Un an après, la course à l’espace a rejoint son point culminant. L’homme a débarqué sur la Lune, sous les yeux de millions de personnes du monde entier, qui ont suivi l’événement en direct à la télévision. Ou peut-être pas ? Peut-être que ça n’a été qu’une farce, une mise en scène, tournée, d’après certains, par le même Kubrick, dans un hangar super secret de la NASA pour tromper les russes et le monde entier. Les “comploteurs” de la Lune le soutiennent depuis (même si la NASA a plusieurs fois réfuté ces hypothèses en présentant des données et du matériel scientifiques). Complots à part, ce qui est sûr c’est qu’en atteignant notre satellite, l’intérêt pour les voyages dans l’espace s’est éteint petit à petit. La guerre froide se “réchauffe”, et les fonds immenses, mis à disposition pendant ces années glorieuses, se réduisent peu à peu. Tout le contraire de ce qu’il se passe au cinéma, en somme.
May the Force be with you
-General Dodonna to Luke Skywalker, Star Wars 1977-
Les années 70 commencent avec le chef d’œuvre soviétique Solaris (Solaris d’Andrej Tarkovski) et se terminent avec deux des films qui marqueront à jamais l’imaginaire collectif. En 1979 c’est à bord de la navette spatiale Nostromo, dirigée vers la Terre avec la soute remplie de minéraux extraits sur la planète Thedus, que le ventre de l’astronaute Kane explose et libère le maléfique Alien (Alien de Ridley Scott). Deux ans plus tôt seulement, le premier épisode (ou peut être le quatrième ? Non le quarante cinquième… ? Non, pour moi, ça reste le premier) de la saga de la Guerre des Etoiles (Star Wars de George Lucas) sort en salles. Le monde n’était alors plus le même.

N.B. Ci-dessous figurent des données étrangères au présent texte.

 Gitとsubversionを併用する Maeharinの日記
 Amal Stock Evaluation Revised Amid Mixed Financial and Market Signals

Au-delà de l’incroyable impact médiatique et culturel que la saga de Lucas aura sur les générations à venir, de l’inégalable génialité donc il a fait preuve pour construire un ensemble de mondes, de peuples et de cultures, et de la beauté des effets spéciaux, il est intéressant de remarquer le concept d’hyperespace que le réalisateur introduit pour la première fois au cinéma. Grâce au “saut dans l’hyperespace”, un genre de dimension ultérieure de l’univers, il est possible de se déplacer à des distances inimaginables en un temps record, sans pour autant voyager à la vitesse de la lumière (ce qui, on le sait, est impossible) : une idée non dissemblable de celle à l’origine des wormhole.

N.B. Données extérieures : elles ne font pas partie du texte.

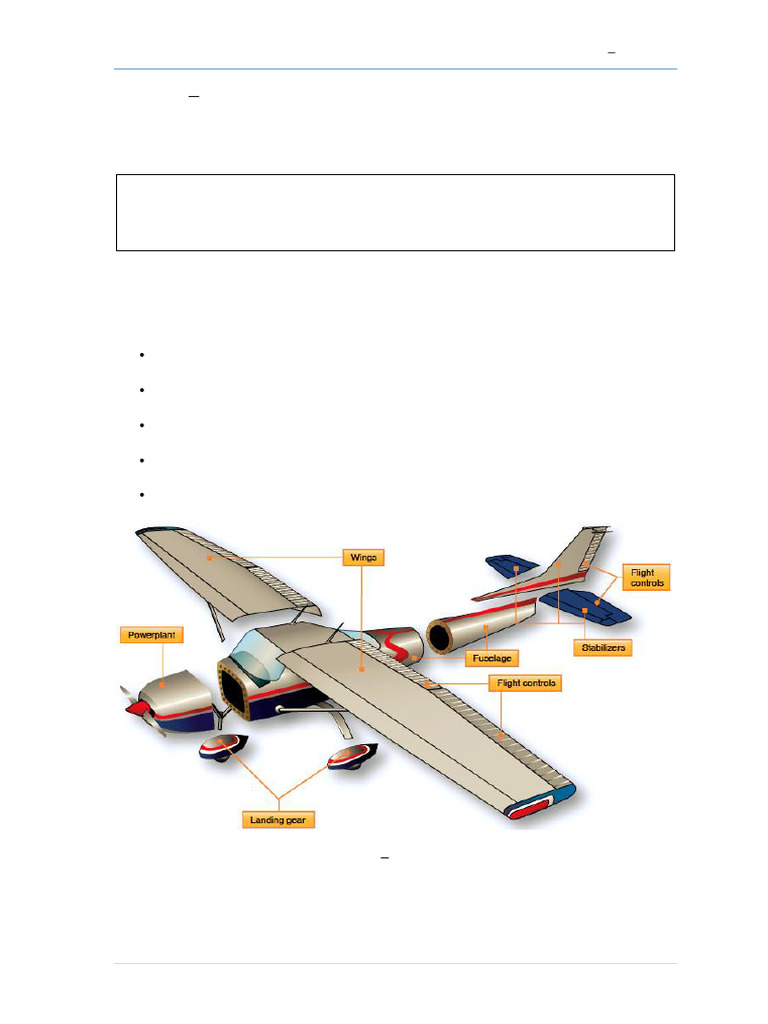 Plane Works | PDF | Flight Control Surfaces | Flap (Aeronautics)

Les années 80 représentent LA décennie du cinéma de science-fiction. Cependant, malgré la sortie de grands titres qui marqueront l’histoire du genre (Blade Runner, E.T., Rencontres du troisième type), la conquête de l’espace marque une pause. Sur le grand écran comme dans la réalité. C’est certain, Dark Vador lance la contre-attaque de l’empire – Luke, je suis ton père – (L’Empire contre-attaque, titre original: The Empire Strikes Back d’Irvin Kershner suivi par Le Retour du Jedi – The return of the Jedi de Richard Marquand) et Ripley combat encore contre une armée d’impitoyables monstres baveux (Aliens, le retour, titre original : Aliens de James Cameron), mais ces films ne sont habités que par des idées déjà existantes.

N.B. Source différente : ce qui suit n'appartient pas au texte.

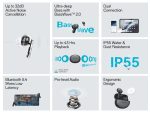 OnePlus Nord Buds 3 Truly Wireless Bluetooth Earbuds with up to 32dB Active Noise Cancellation, 10mins for 11Hours Fast Charging with Up to 43h Music Playback, Chromatic Blue - Image 6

Quelques thèmes intéressants sont quand même proposés par un cinéma de genre, considéré plutôt comme cinéma pour jeunes. Comme Explorers (de Joe Dante), qui voit Ethan Hawke et River Phoenix, à leurs débuts dans le cinéma, s’essayer dans la construction d’une navette, faite d’épaves récupérées sur de vieux manèges. Le Vol du Navigateur (Flight of the Navigator de Randal Kleiser) repropose le thème des voyages dans l’espace-temps. Sans oublier par la suite la très travaillée et hallucinante bataille pour la suprématie sur l’extraction de l’épice, la seule substance capable de permettre des voyages interstellaires, dans Dune, de David Lynch.
Get your ass to Mars !
-Arnold Schwarzenegger to Himself, Total Recall, 1990-
Dans les années 90, les technologies d’effets spéciaux digitaux atteignent leur pleine maturité. Et les voyages dans l’espace reprennent à plein régime. Mars est colonisée depuis des années et exploitée dans un but d’extraction dans Total Recall de Paul Verhoeven, et on peut faire des croisières dans l’espace à bord de bateaux luxueux et excentriques, comme la Floshton Paradise (Le Cinquième Élément de Luc Besson). Ou alors, on peut s’inventer un casus belli pour envahir une planète peuplée par des prétendus insectes terroristes (Starship Troopers de Paul Verhoeven). La science-fiction est de plus en plus tournée vers l’action movie. Robert Zemeckis, avec Contact, s’écarte un peu de cette logique, en reproposant le thème du voyage dans le tunnel spatio-temporel, un genre de télé-transport qui permet à Jodie Foster de réaliser des voyages à la limite de l’univers, pour ensuite rentrer sur Terre sans qu’il ne se soit passé un instant. A la fin de cette décennie, Star Wars, épisode I: La Menace fantôme, le premier épisode de la nouvelle trilogie de la saga La guerre des Etoiles sort en salles.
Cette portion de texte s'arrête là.